GIZA alignment format

This format is used mainly by aligners of concepts to words (one to one). The format is as follows:

# o_0 livro_1 é_2 idiota_3 ,_4 repetitivo_5 ,_6 cansativo_7 e_8 irritante_9 ,_10 tanto_11 quanto_12 seu_13 narrador_14 ._15
(e / e~e.8 :op1 (i2 / idiota~e.3) :op2 (r / repetitivo~e.5) :op3 (c / cansativo~e.7) :op4 (i3 / irritante~e.9) :domain (e2 / e~e.8 :op1 (l / livro~e.1) :op2 (a / autor~e.12 :arg0-of (e3 / escrever-01~e.14 :arg1 l))))

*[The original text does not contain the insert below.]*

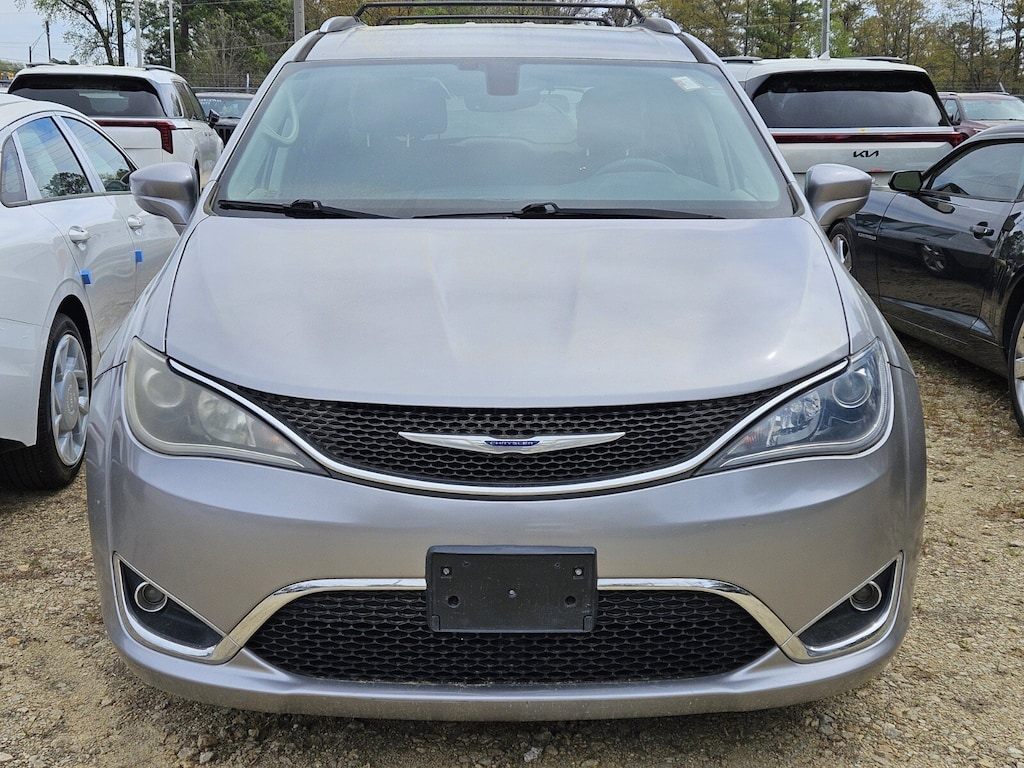 Used 2017 Chrysler Pacifica Touring-L Plus Van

Each sentence is represented by a line starting with # followed by its numbered tokens. The following line contains the AMR graph linearised with alignments in each concept indicated by ~e.n, so that n indicates the token aligned to that specific node. It is important to be careful about the sentence tokens, as they must match the exact same tokens within the original file from the CORPUS argument.

JAMR alignment format

This format is used by aligners of concepts to word spans (one to many). This is how it looks like:

# ::snt O livro é idiota , repetitivo , cansativo e irritante , tanto quanto seu narrador .
# ::tok O livro é idiota , repetitivo , cansativo e irritante , tanto quanto seu narrador .
# ::alignments 8-9|0 1-2|0.4.0 9-10|0.3 7-8|0.2 5-6|0.1 3-4|0.0 ::annotator Aligner v.03 ::date 2020-07-04T11:48:49.113
# ::node	0	e	8-9
# ::node	0.0	idiota	3-4
# ::node	0.1	repetitivo	5-6
# ::node	0.2	cansativo	7-8
# ::node	0.3	irritante	9-10
# ::node	0.4	e	
# ::node	0.4.0	livro	1-2
# ::node	0.4.1	autor	
# ::node	0.4.1.0	escrever-01	
# ::root	0	e
# ::edge	autor	ARG0-of	escrever-01	0.4.1	0.4.1.0	
# ::edge	e	domain	e	0	0.4	
# ::edge	e	op1	idiota	0	0.0	
# ::edge	e	op1	livro	0.4	0.4.0	
# ::edge	e	op2	autor	0.4	0.4.1	
# ::edge	e	op2	repetitivo	0	0.1	
# ::edge	e	op3	cansativo	0	0.2	
# ::edge	e	op4	irritante	0	0.3	
# ::edge	escrever-01	ARG1	livro	0.4.1.0	0.4.0	
(e / e :op1 (i2 / idiota) :op2 (r / repetitivo) :op3 (c / cansativo) :op4 (i3 / irritante) :domain (e2 / e :op1 (l / livro) :op2 (a / autor :ARG0-of (e3 / escrever-01 :ARG1 l))))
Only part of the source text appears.